FORTUNE — Walter Isaacson, the biographer of Benjamin Franklin, Henry Kissinger, Albert Einstein and, most recently, Steve Jobs plans to train his sights next on a lesser known figure in history: the 19th century scientist Ada Lovelace. Isaacson’s book on Jobs has been number one on The New York Times best-seller list for 6 weeks and is a runaway global success. (Read an excerpt here.) At an appearance Wednesday night in San Francisco, he said he felt he had earned the right to pick someone less iconic, and pluck her out of obscurity. “I want to give Ada Lovelace her moment in the sun,” he said.

The daughter of poet Lord Byron, Lovelace helped the development of the analytical engine — the first incarnation of a general purpose computer with Charles Babbage, considered the father of the computer. She is credited with inventing the algorithm and pioneering the idea that writing software could make a computer perform different functions.
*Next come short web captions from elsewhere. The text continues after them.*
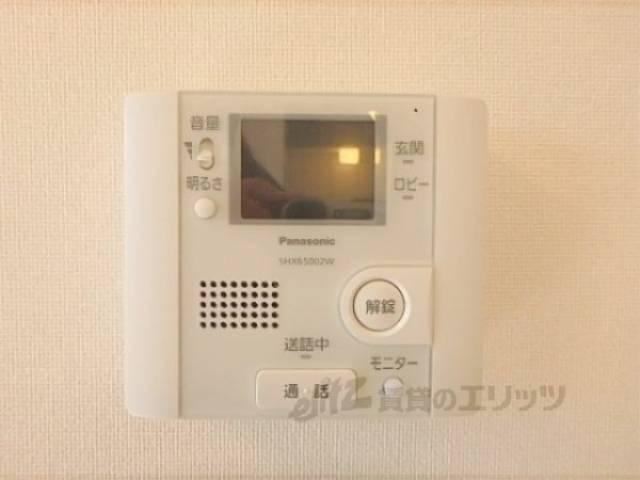 モニター付ドアフォン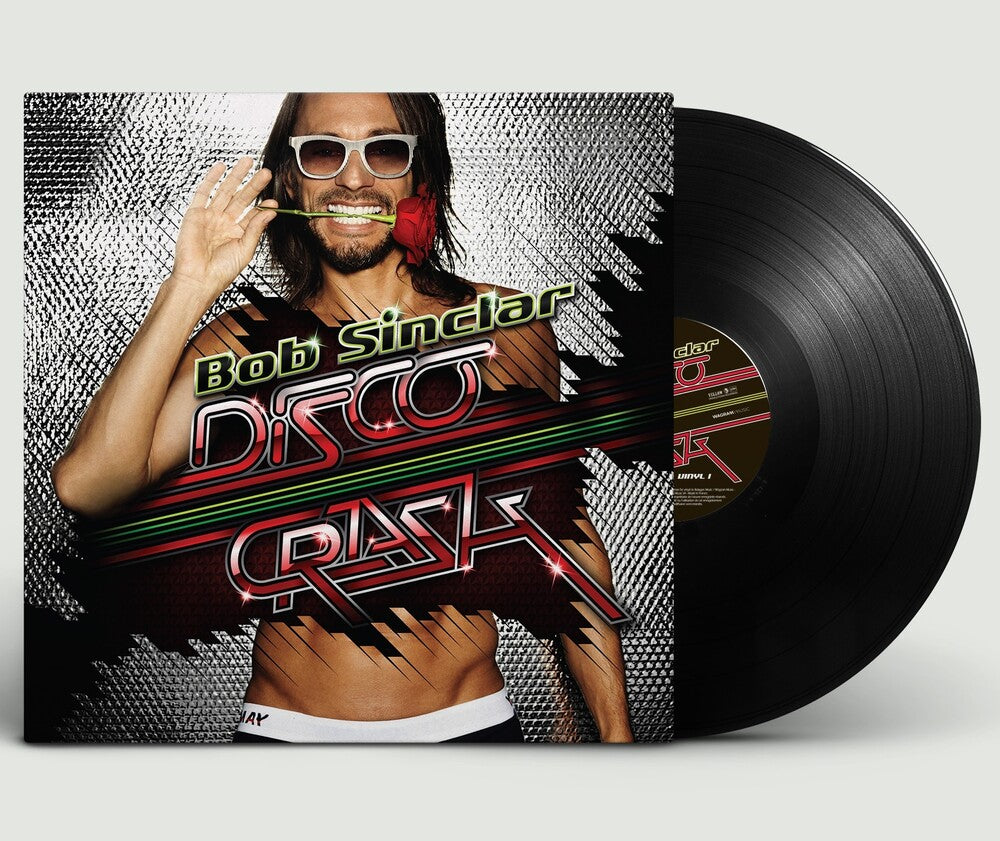 Bob Sinclar - Disco Crash (Fra) [LP] Vinyl Record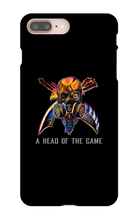 A Head of the Game iPhone Phone Cases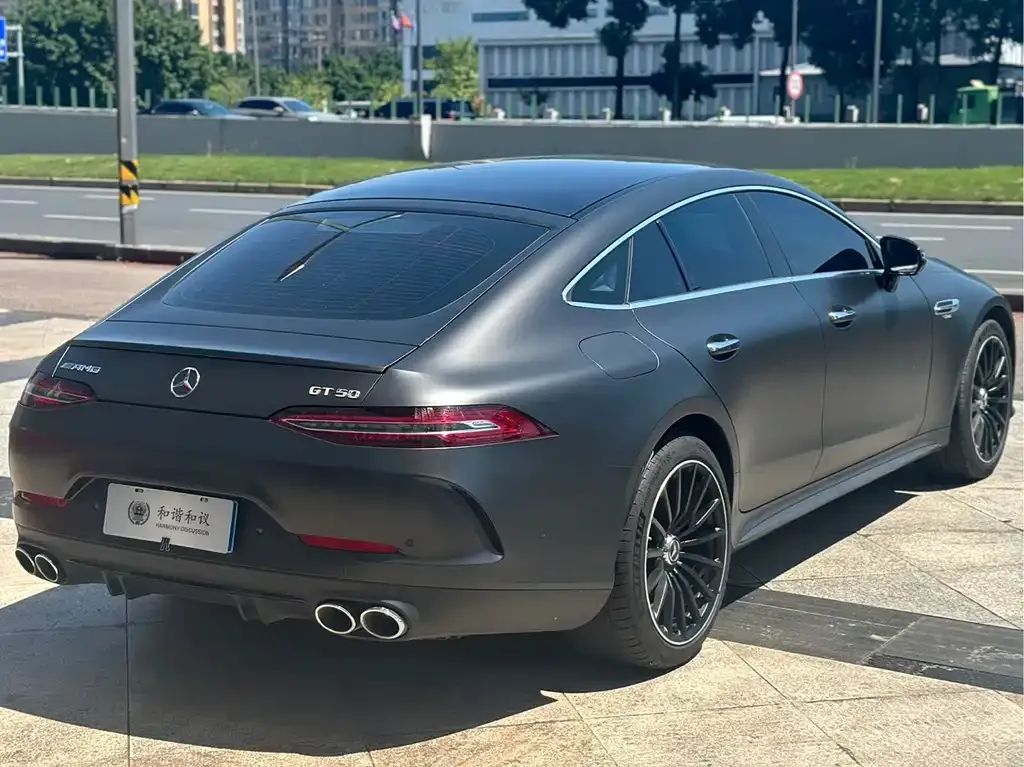 Mercedes-Benz AMG GT — фото 10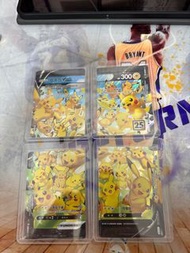 寶可夢卡牌 Pikachu V, Eevee, 金卡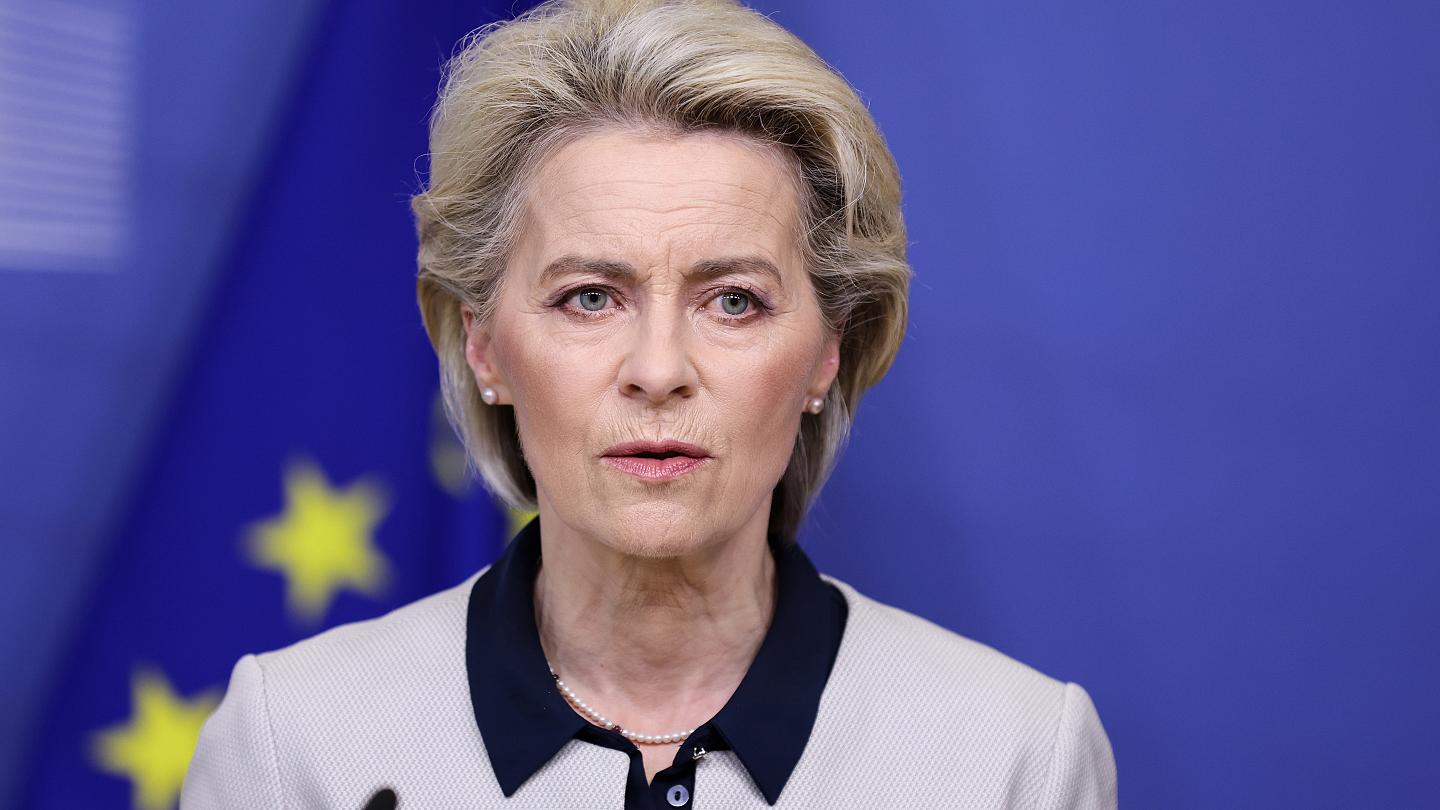EU Commission President: Russian aggression against Ukraine has consequences well beyond Europe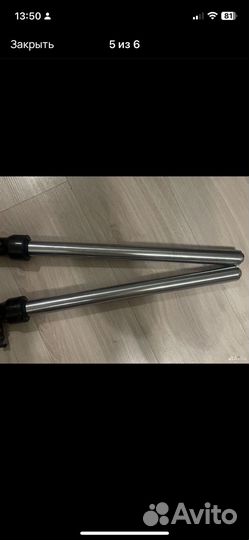 Перья-вилы передней вилки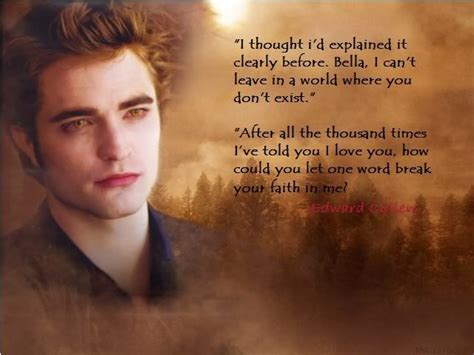 twilight quotes and sayings | Quotes and Sayings in NEW MOON | Twilight quotes, Twilight quotes ...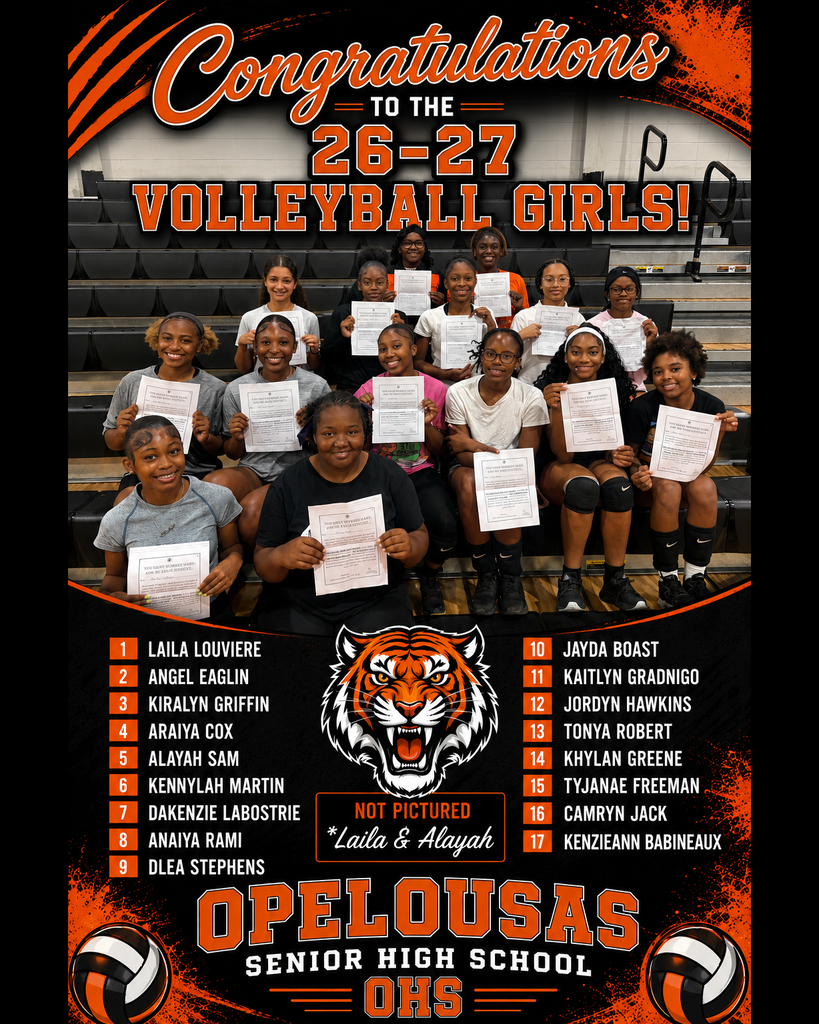 Lady Tigers Volleyball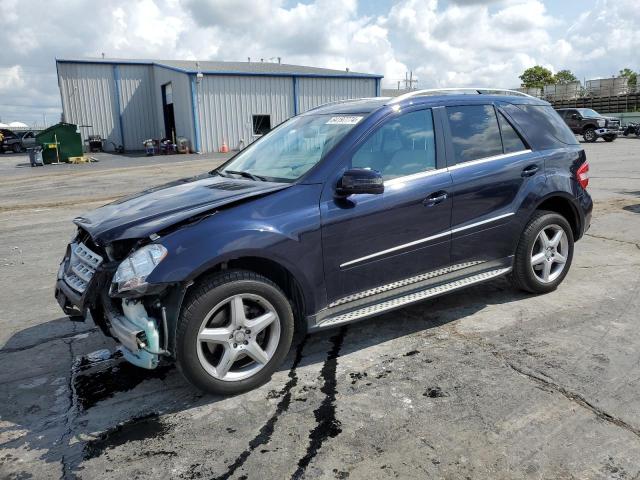 MERCEDES-BENZ ML 550 4MA 2011 with VIN 4JGBB7CB2BA731465 - Photo from auction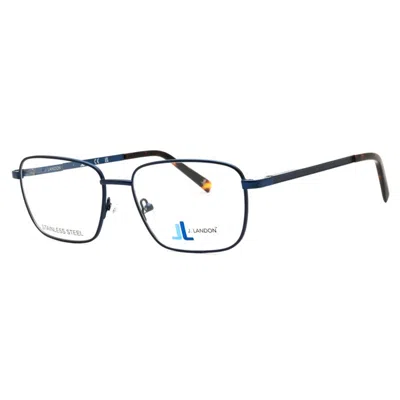 J. Landon Jl1013 091 Matte Blue 56mm In Multi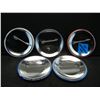Image 2 : (5) LARGE (2 INCH WIDE) POLITICAL BADGES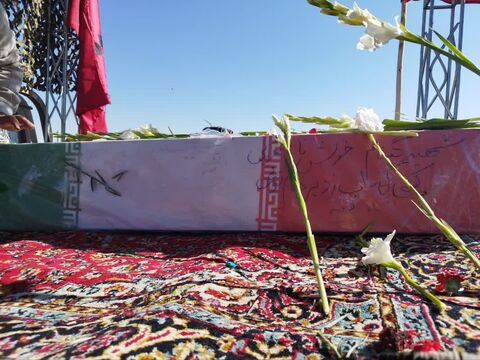 بدرقه شهدای گمنام_مرکزی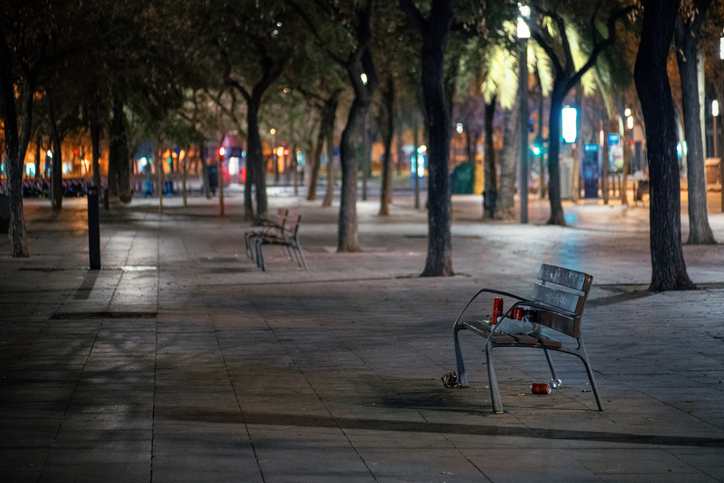 Plaça buida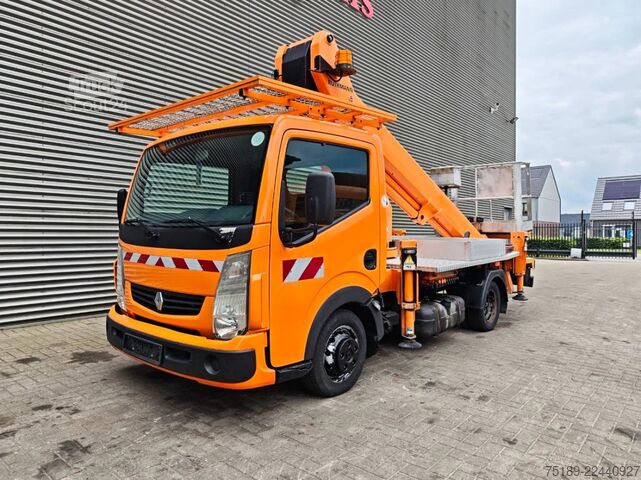 Kėlimo platforma Renault Maxity 120 DXI Ruthmann TB 220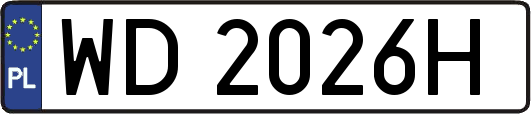 WD2026H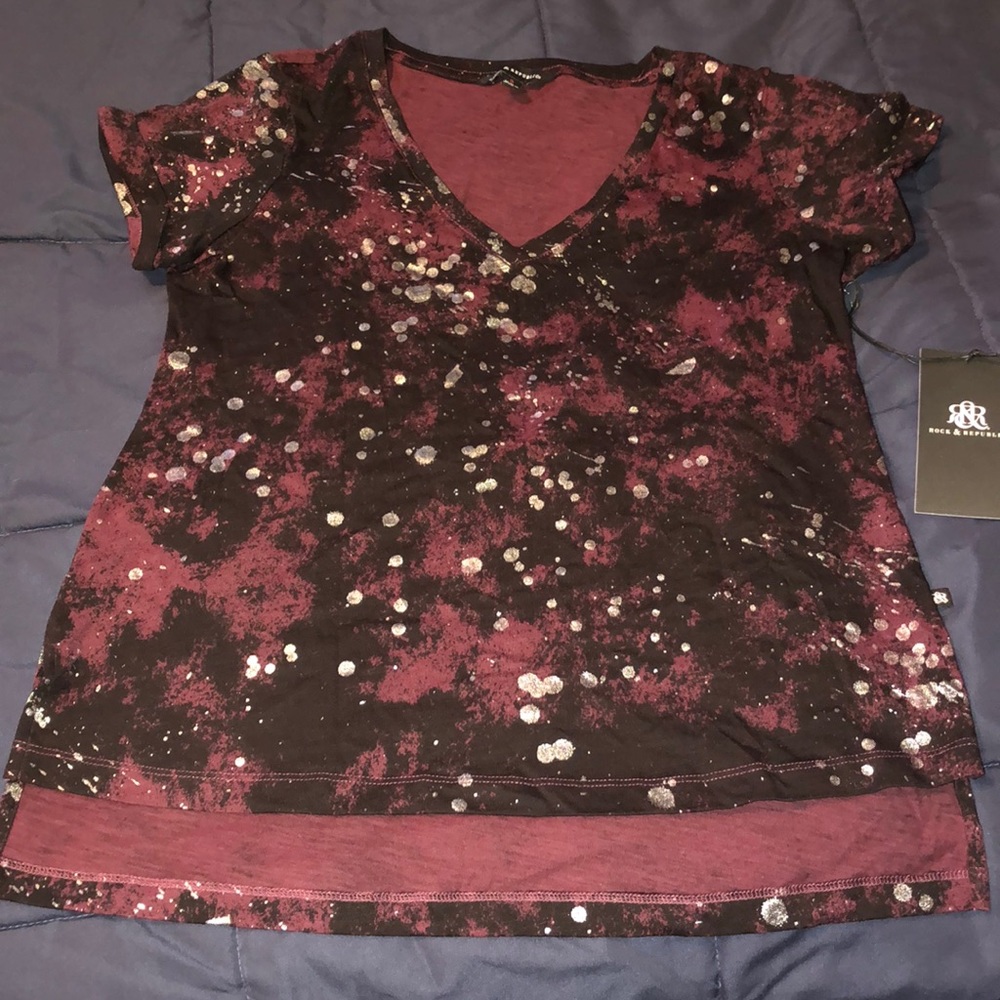Rock & Republic T-shirt Small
Though not a household name, Lovelace is better known in the computer science world, and is already the subject of older biographies. Her penchant for math came from her mother’s desire to make sure Lovelace was nothing like her absent father, according to a biography by author Benjamin Wooley.

Another father-daughter relationship — his own — drew Isaacson to the topic in the first place. The author’s daughter, a 21-year-old computer science student, introduced her father to the subject after she wrote a high school essay on Lovelace. In part, the new book would be a tribute to his computer-loving daughter, who told him “all biography is essentially autobiography,” he said. She has even jokingly psychoanalyzed each of Isaacson’s past subject decisions. Like Franklin, she said, Isaacson is a “networking, publisher, yuppie-type.” With Einstein, Isaacson was writing about his own father, a “kindly Jewish engineer.” And Kissinger? “Oh dad, that was your dark side,” Isaacson recalled his daughter telling him.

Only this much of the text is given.